I paid for Copilot for a couple of months. But then heard about Codium , probably on Syntax , which is free for individual developers (for now - thank you VC funding). I haven’t done any careful comparisons, but its definitely of the same order. I suspect Copilot is doing something better with the local context. For example I use a plain text accounting system called Bean Count in VSCode. Copilot is able to understand these transactions and make much useful suggestions than Codium. I assume this is just inferred from my local files since there would not be much training data for them, and it suggests the correct accounts based on the payees which must be from local context.
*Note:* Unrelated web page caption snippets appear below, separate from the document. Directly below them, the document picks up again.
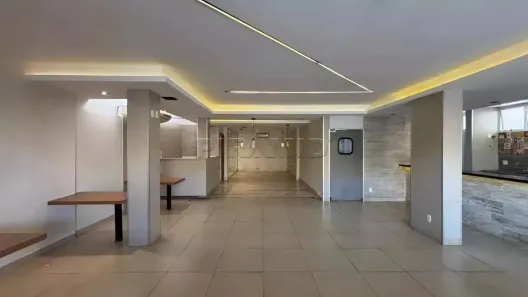 Ponto Comercial para alugar, 278m² no Jardim Irajá, Ribeirão Preto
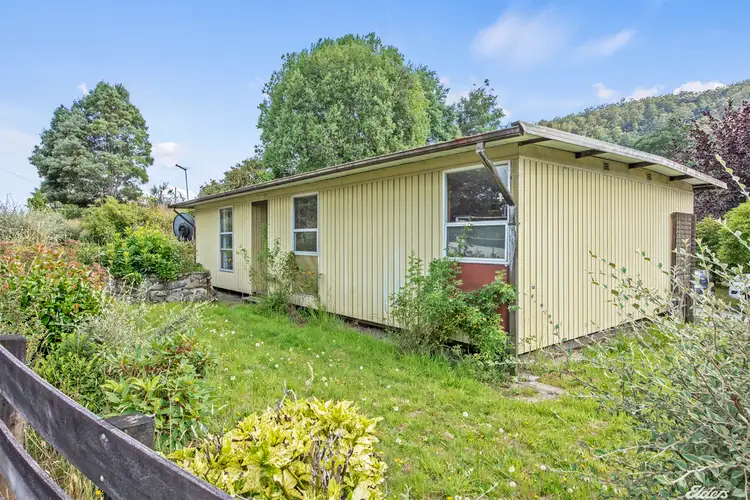14 Baillieu Street, Rosebery TAS 7470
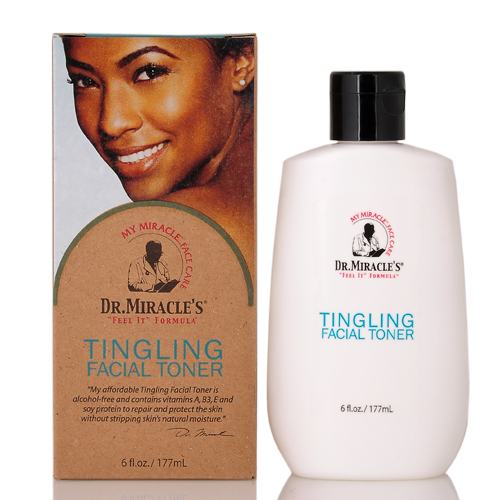 Tingling Facial 40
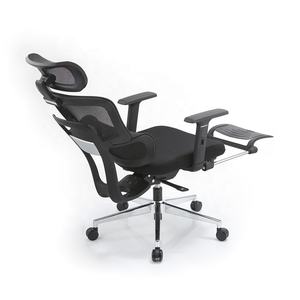 <span class=keywords><strong>Sedia</strong></span> <span class=keywords><strong>da</strong></span> <span class=keywords><strong>ufficio</strong></span> <span class=keywords><strong>ergonomica</strong></span> moderna personalizzata con Mesh, poggiapiedi regolabile, <span class=keywords><strong>sedia</strong></span> rotante e regolabile - Product Image 6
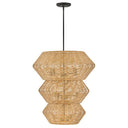 Hinkley Luca Double XL Multi Tier Chandelier Alternative Image 10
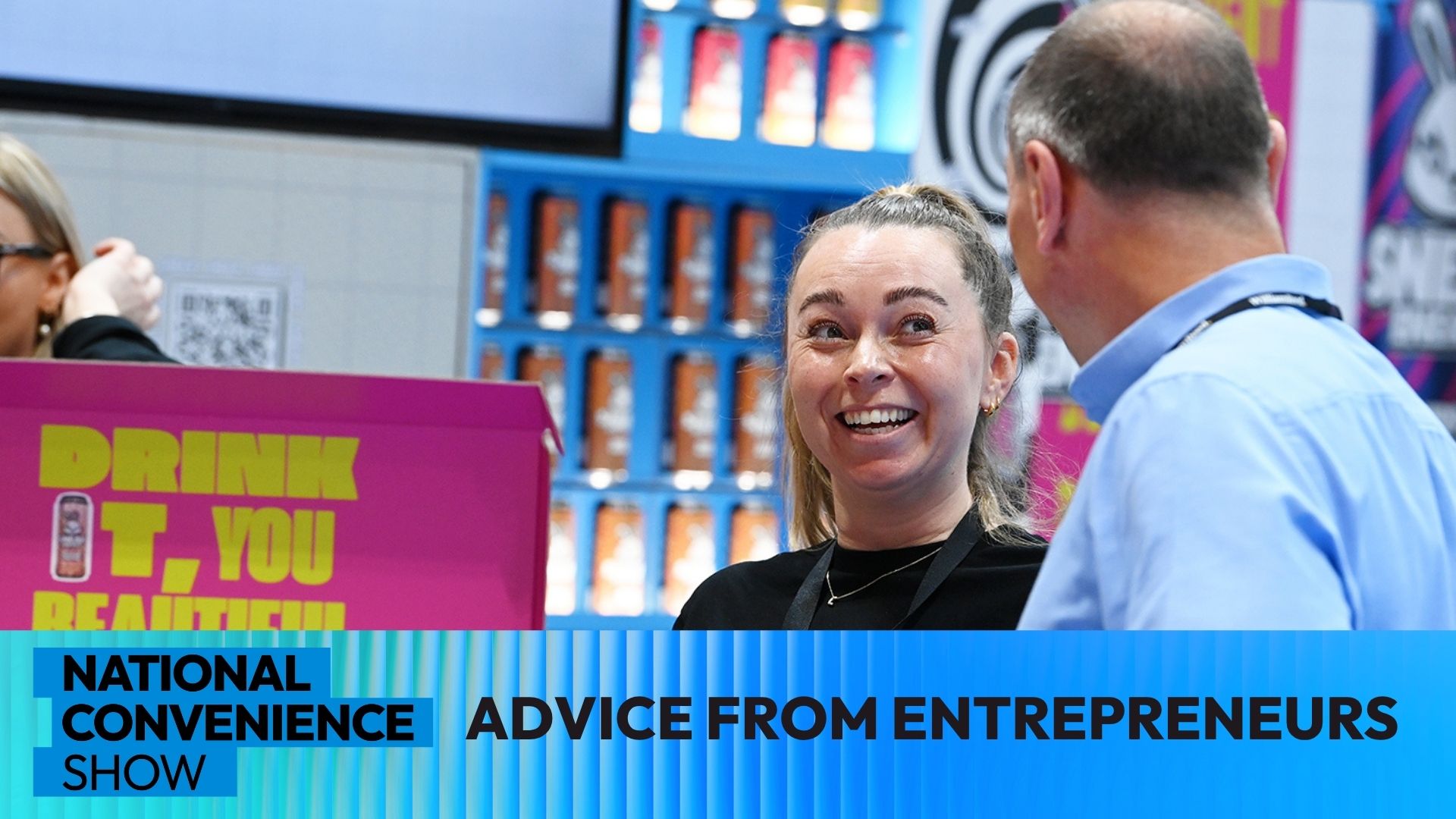 Ncs Video Starting A Food Brand Real Advice From Uk Entrepreneurs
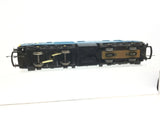 Hornby R758 OO Gauge BR Blue Class 35 Hymek D7063
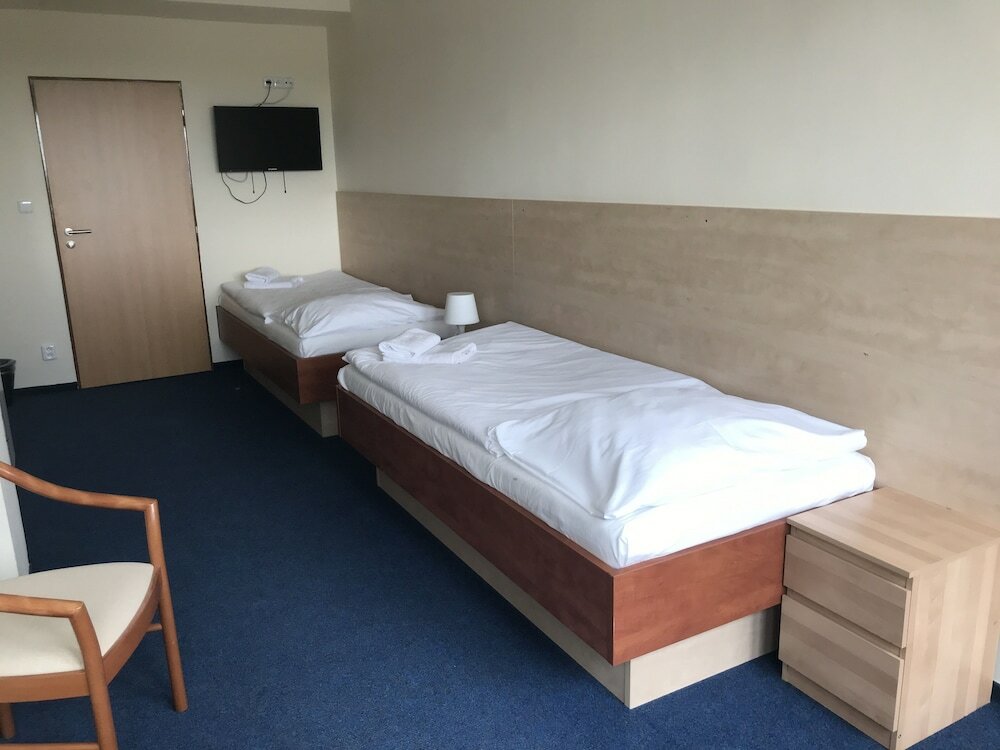 Фото Hotel Chodov Asc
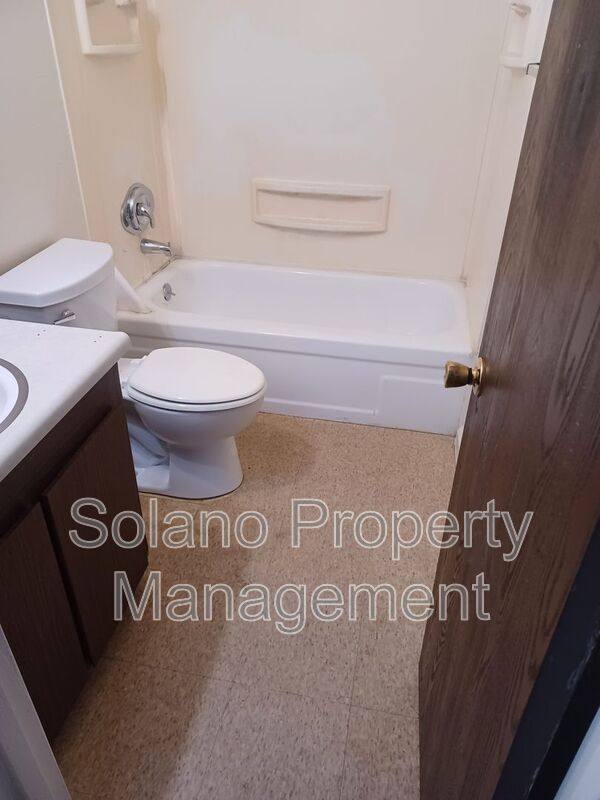 Apartment for rent at 1955 Grande Circle #G, Fairfield, CA 94533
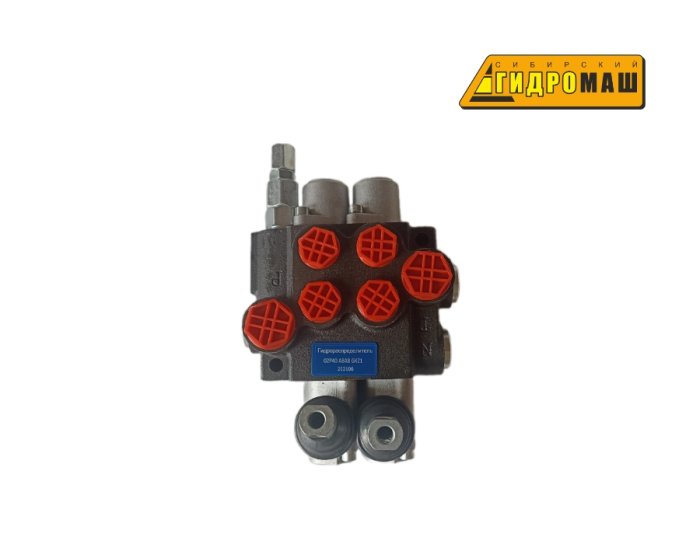 Гидрораспределитель 2Р40F-OW (02P40-1A8A8 MkZ1) (Китай) 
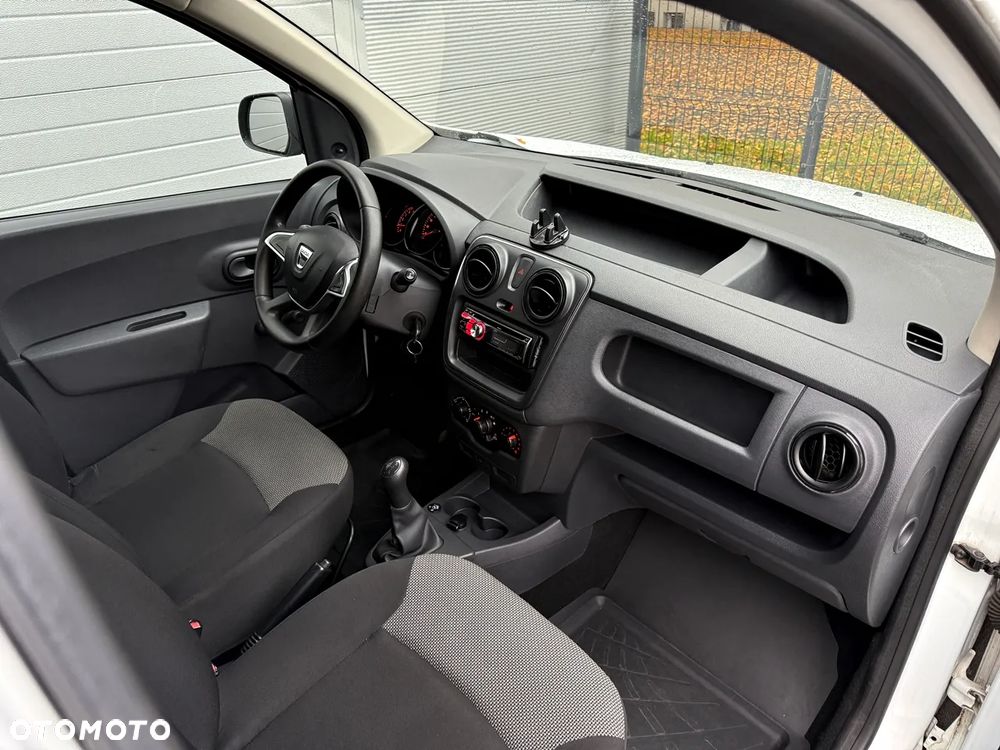 Dacia Dokker 1.6 SCe Access - 8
I’ve probably done more work with Codium, 80% of it on Javascript, than with Copilot. It’s definitely a workable solution and a great choice if you want a Copilot type experience without paying for it, or have questions about Microsoft’s training data.

More recently I’ve started playing with local models to avoid the problem of exfiltrating my code - I strongly feel I can’t use AI assisted coding with client code if I don’t know what’s happening it. If I can run a local model, that problem is avoided.

I code on an early M1 MacBook, so Ollama is an easy to use choice. I’ve tried llama3 and codeqwen1.5 in the terminal for a bit, but missed the ChatGPT web experience. To get that back, I’ve been running Open WebUI in a docker container.

More recently, I’ve installed the Continue VSCode extension that allows those Ollama managed models to work in VSCode, including the auto-suggestions (following Dave Gray’s blog post ). I’ve got a few long flights coming up over the next week, so it will be good to be able to work offline with that help.

I haven’t really done more than play with CodeQwen in VSCode via Continue so far, but my initial impression is that it’s comparable to Copilot, although the extra second of waiting for auto-suggestions did make me look up M3max MacBook pricing. Logic tells you that a 4GB model on a MacBook is going to be less capable than the giant GPT4 powered Copilot, but this comparison suggests the difference is not an order of magnitude (although the model size is). From limited playing around in small JavaScript codebases, they seem similar, with the local model just being a bit slower.

If this is a revolution, it’s one we’re at the start of, and I certainly reserve the right to change my mind about AI assistance in coding, but I suspect it’s our future and I’m excited at the productivity boost it currently gives me working in languages I’m new to.